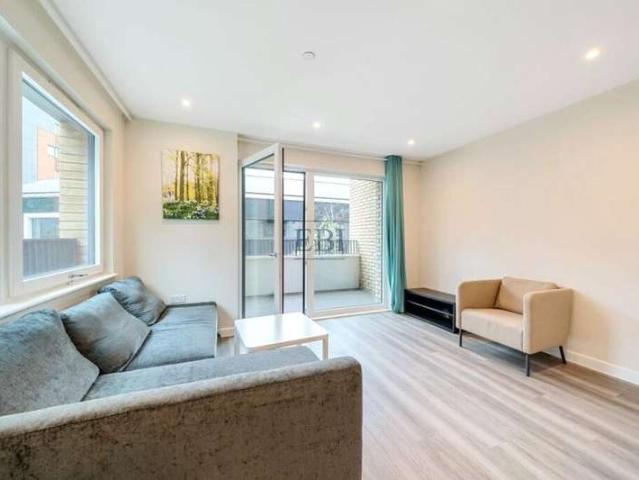 Flat for sale in Greater London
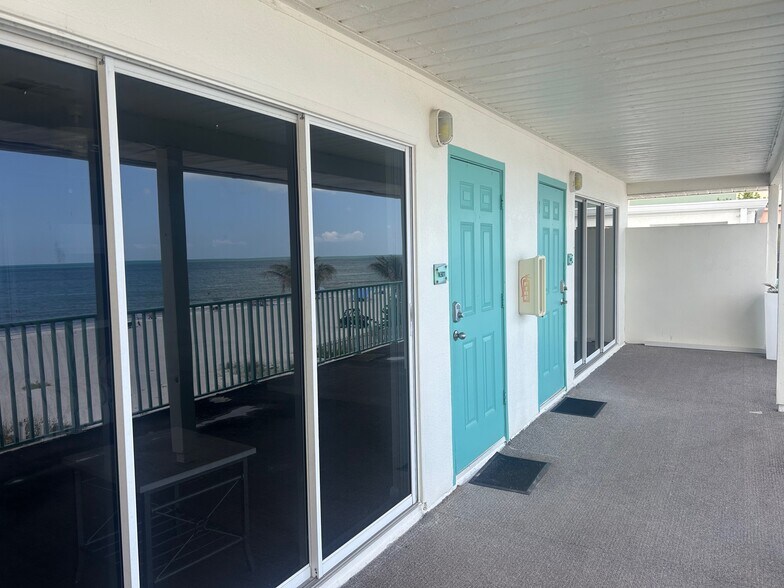 More Photos Of 19310 Gulf Blvd, Indian Shores Apartments For Sale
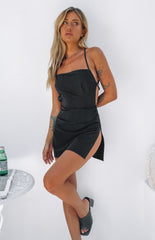https://files.beginningboutique.com.au/Amara+Blackless+Mini+Dress+Black.mp4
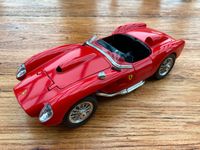 Bburago 250 Testarossa 1:18 Nordrhein-Westfalen - Xanten Vorschau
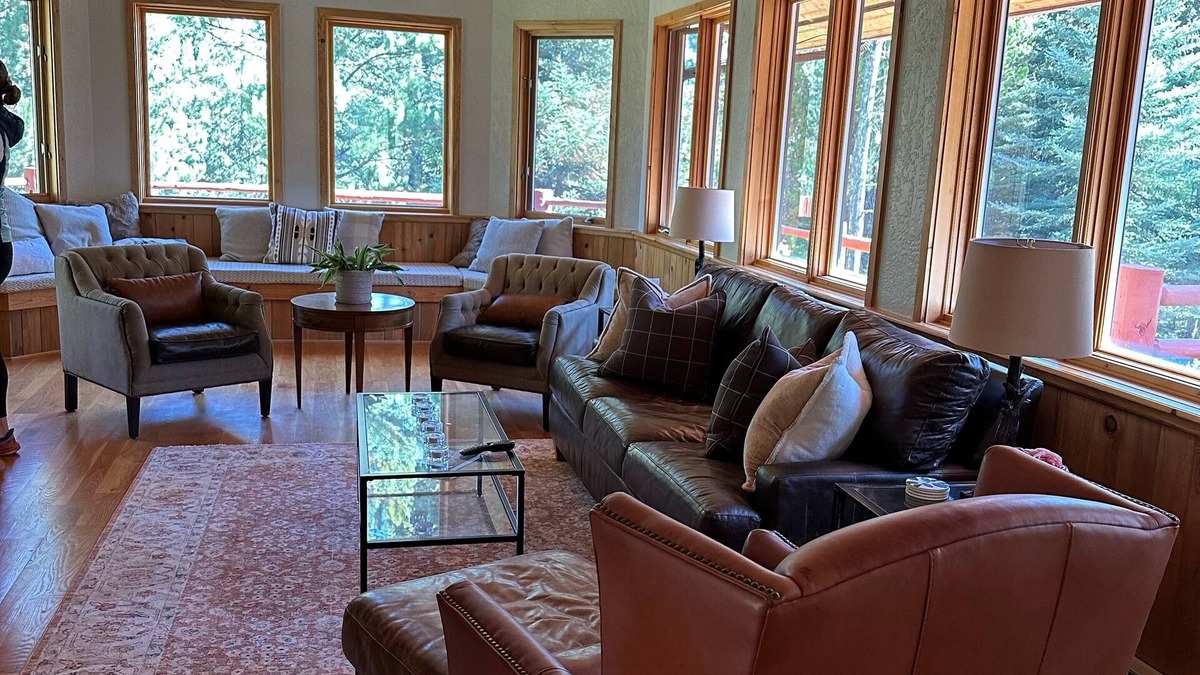 Wilson House | Private, Spacious Retreat 5 minutes South of Wilson! Discounts for long stays!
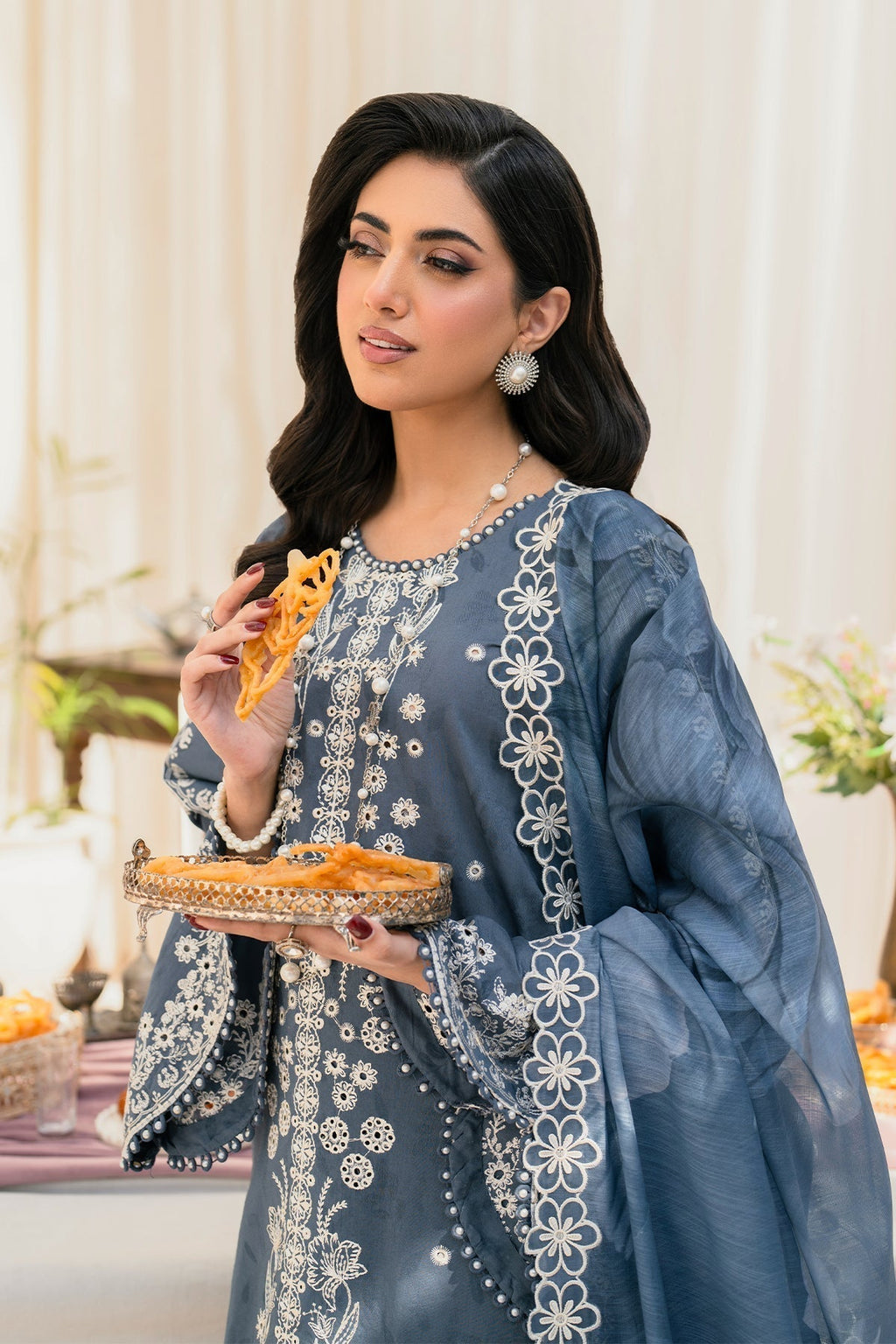 Zarif | Lamhay Luxury Eid Lawn 25 | 06 SAFAH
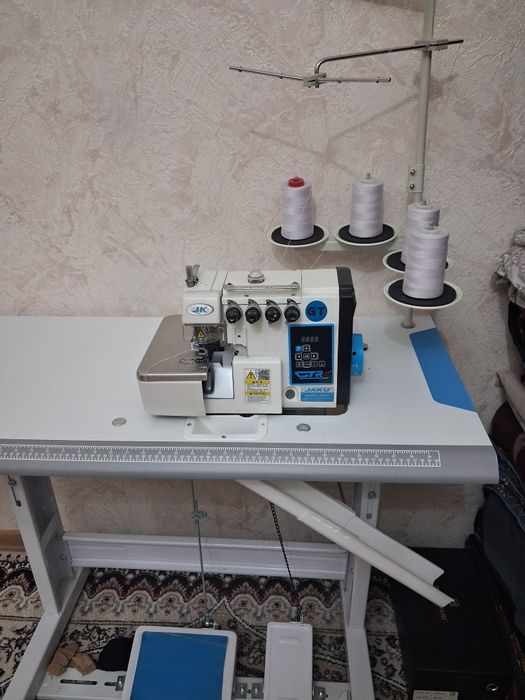 Швейная машинка аверлок JAKU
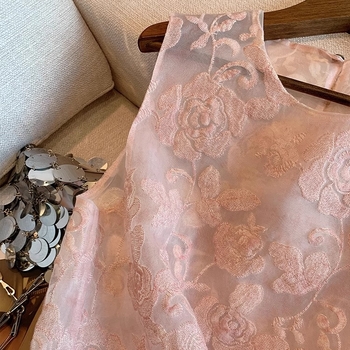 Nauja kiniško stiliaus žakardo siuvinėta tinklelio palaidinė moterims, vasarinė, naujo stiliaus apvali kaklo, švelni nacionalinio stiliaus sagomis puošta liemenė.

→ **Task to complete**:
Leave out every picture and write out exactly the lines running from the line containing "More Photos Of" to the end of the listing above.

→ **Written reply**:
 More Photos Of 19310 Gulf Blvd, Indian Shores Apartments For Sale
https://files.beginningboutique.com.au/Amara+Blackless+Mini+Dress+Black.mp4
 Bburago 250 Testarossa 1:18 Nordrhein-Westfalen - Xanten Vorschau
 Wilson House | Private, Spacious Retreat 5 minutes South of Wilson! Discounts for long stays!
 Zarif | Lamhay Luxury Eid Lawn 25 | 06 SAFAH
 Швейная машинка аверлок JAKU
 Nauja kiniško stiliaus žakardo siuvinėta tinklelio palaidinė moterims, vasarinė, naujo stiliaus apvali kaklo, švelni nacionalinio stiliaus sagomis puošta liemenė.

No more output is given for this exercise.